Goal: Brainstorm ideas for personal pronouns
Note: Languages typically have first- and second-person distinctions, at the least.
Tip: These may be old forms with no sources.
Work focus: Learn/Brainstorm/Try
Personal pronouns is a series of pronouns that indicate grammatical person. The table below describes the basic referents of personal pronouns for singular and plural forms—that doesn’t mean you need different forms for singular and plural pronouns (not all languages do), and that doesn’t mean this system would have enough forms for your language (e.g. you may also need a dual form, you may need different class forms for the third-person pronouns, and so on).
Singular | Plural | |
First-person | speaker | speaker + others |
Second-person | addressee | multiple addressees |
Third-person | someone or something not participating in the current conversation | multiple someones or somethings not participating in the current conversation |
At minimum, I encourage you to include distinct first- and second-person pronoun forms. The smallest pronoun systems in natlangs have a way to distinguish the speaker and addressee. However, not all languages have a distinct third-person pronoun form—if they don’t, they typically use another grammatical word, such as a demonstrative pronoun, to fill that need.

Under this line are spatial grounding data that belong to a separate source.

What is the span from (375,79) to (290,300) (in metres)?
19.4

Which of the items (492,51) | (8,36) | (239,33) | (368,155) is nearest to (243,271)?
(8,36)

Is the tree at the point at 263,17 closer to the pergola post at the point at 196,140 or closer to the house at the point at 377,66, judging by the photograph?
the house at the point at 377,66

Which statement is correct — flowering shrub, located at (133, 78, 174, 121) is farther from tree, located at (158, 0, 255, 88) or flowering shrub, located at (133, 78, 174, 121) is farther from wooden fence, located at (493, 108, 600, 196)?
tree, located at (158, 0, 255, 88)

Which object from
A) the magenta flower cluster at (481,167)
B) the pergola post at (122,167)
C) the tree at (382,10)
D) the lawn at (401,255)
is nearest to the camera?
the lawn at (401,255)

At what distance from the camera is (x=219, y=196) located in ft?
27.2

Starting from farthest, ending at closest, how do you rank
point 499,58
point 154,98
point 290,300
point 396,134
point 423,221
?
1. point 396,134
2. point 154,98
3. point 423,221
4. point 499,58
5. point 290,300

If you want third-person pronoun forms, you should incorporate at least as many inflectional distinctions as you have for your nouns (e.g. number, class, case). The forms may be suppletive in those inflections (i.e. unpredictable), or they may be predictable, following the same patterns for marking inflections on your nouns. Also, while you can create lexical sources to grammaticalize your pronoun forms, you may also choose to create pronoun forms as they are. In other words, you could decide these pronoun forms are so old that they simply existed in the language since the language’s origins.
As a reminder, pronouns often retain more grammatical forms than nouns, so you could even consider adding inflections that do not occur with nouns, such as having dual pronoun forms without having dual forms marked on the nouns (the assumption would be the dual number marking was simply lost for the nouns during your language’s history).
Another option to consider for you pronoun system is formality, especially formality in your second-person forms (the second-person pronouns are generally more prone to formal distinctions). If it makes sense for your speakers and their world to have a formal distinction, then you need to start building one with the pronoun system.